- _Source records_
........

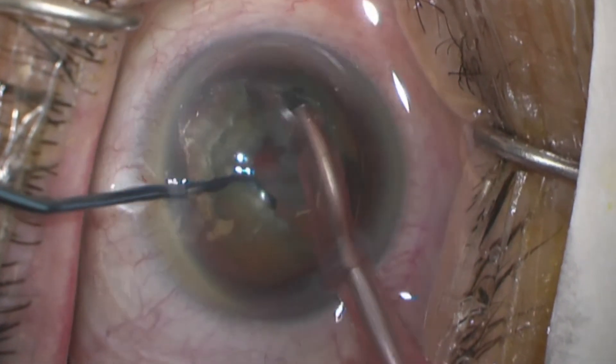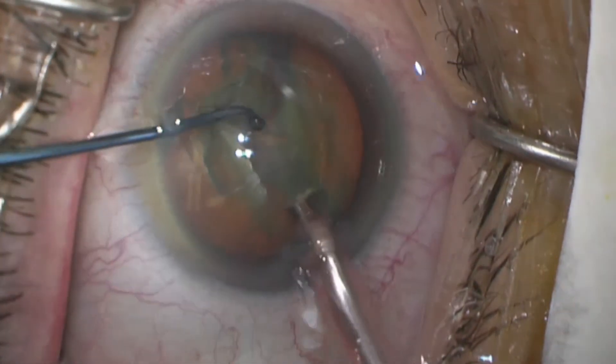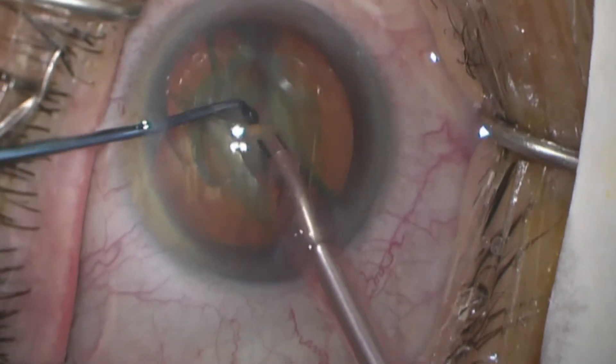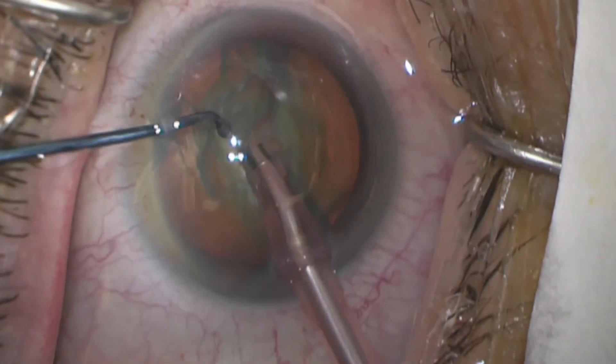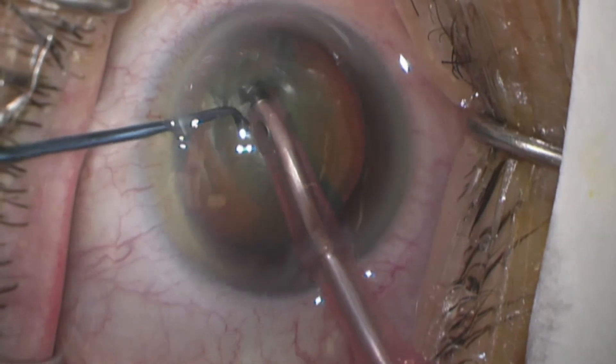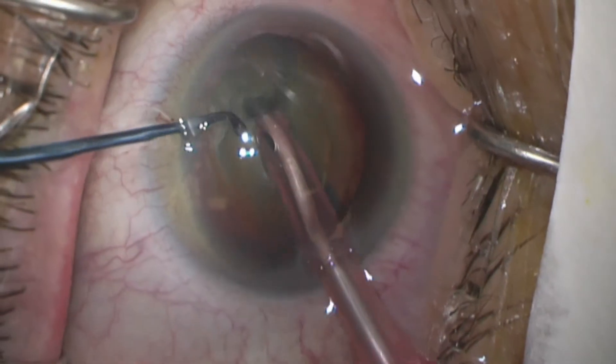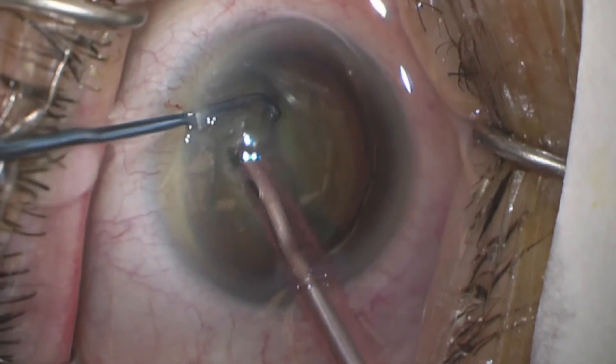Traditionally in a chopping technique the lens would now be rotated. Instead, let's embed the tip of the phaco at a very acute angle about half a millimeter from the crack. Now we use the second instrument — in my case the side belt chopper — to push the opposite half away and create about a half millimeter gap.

........

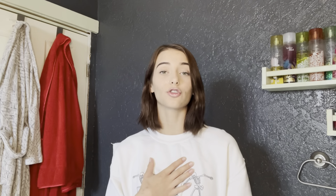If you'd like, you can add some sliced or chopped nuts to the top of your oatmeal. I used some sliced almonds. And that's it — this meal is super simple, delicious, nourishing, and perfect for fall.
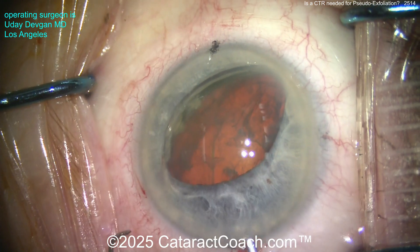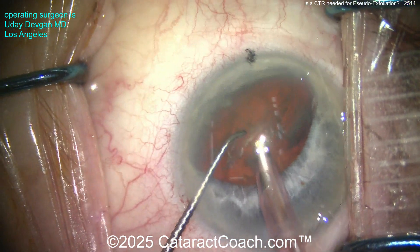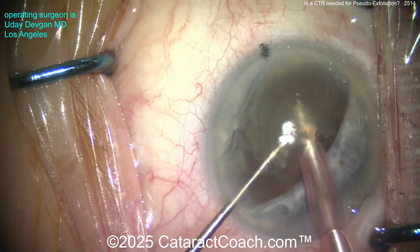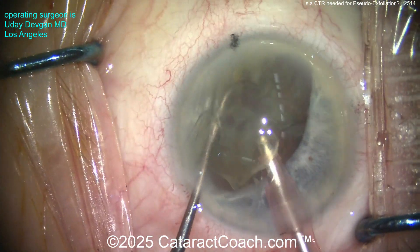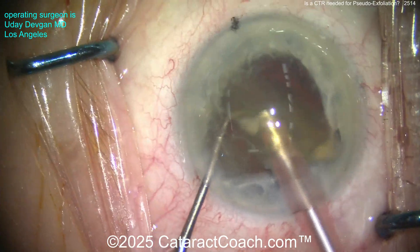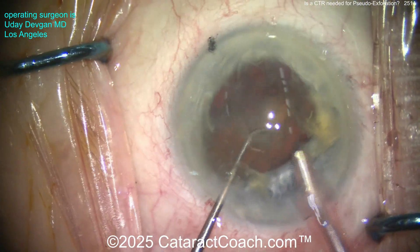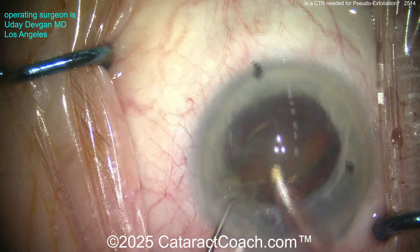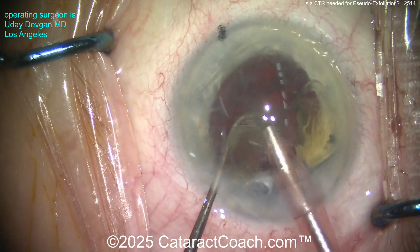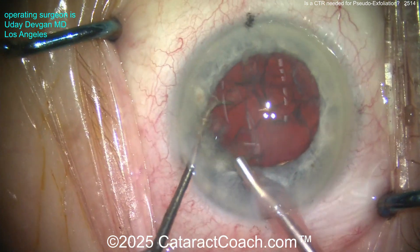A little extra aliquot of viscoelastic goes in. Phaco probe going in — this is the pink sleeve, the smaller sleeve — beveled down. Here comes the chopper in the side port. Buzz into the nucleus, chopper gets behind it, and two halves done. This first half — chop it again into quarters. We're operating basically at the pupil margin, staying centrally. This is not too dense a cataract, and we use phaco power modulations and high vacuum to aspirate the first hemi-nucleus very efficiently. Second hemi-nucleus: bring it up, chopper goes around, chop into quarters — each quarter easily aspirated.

........

- _What you should do_
Within the listing above, the lines from the one with "If you'd like, you" through the one with "A little extra" are to be given again word for word. Do not include pictures.

- _Answer for this exercise_
If you'd like, you can add some sliced or chopped nuts to the top of your oatmeal. I used some sliced almonds. And that's it — this meal is super simple, delicious, nourishing, and perfect for fall.
A little extra aliquot of viscoelastic goes in. Phaco probe going in — this is the pink sleeve, the smaller sleeve — beveled down. Here comes the chopper in the side port. Buzz into the nucleus, chopper gets behind it, and two halves done. This first half — chop it again into quarters. We're operating basically at the pupil margin, staying centrally. This is not too dense a cataract, and we use phaco power modulations and high vacuum to aspirate the first hemi-nucleus very efficiently. Second hemi-nucleus: bring it up, chopper goes around, chop into quarters — each quarter easily aspirated.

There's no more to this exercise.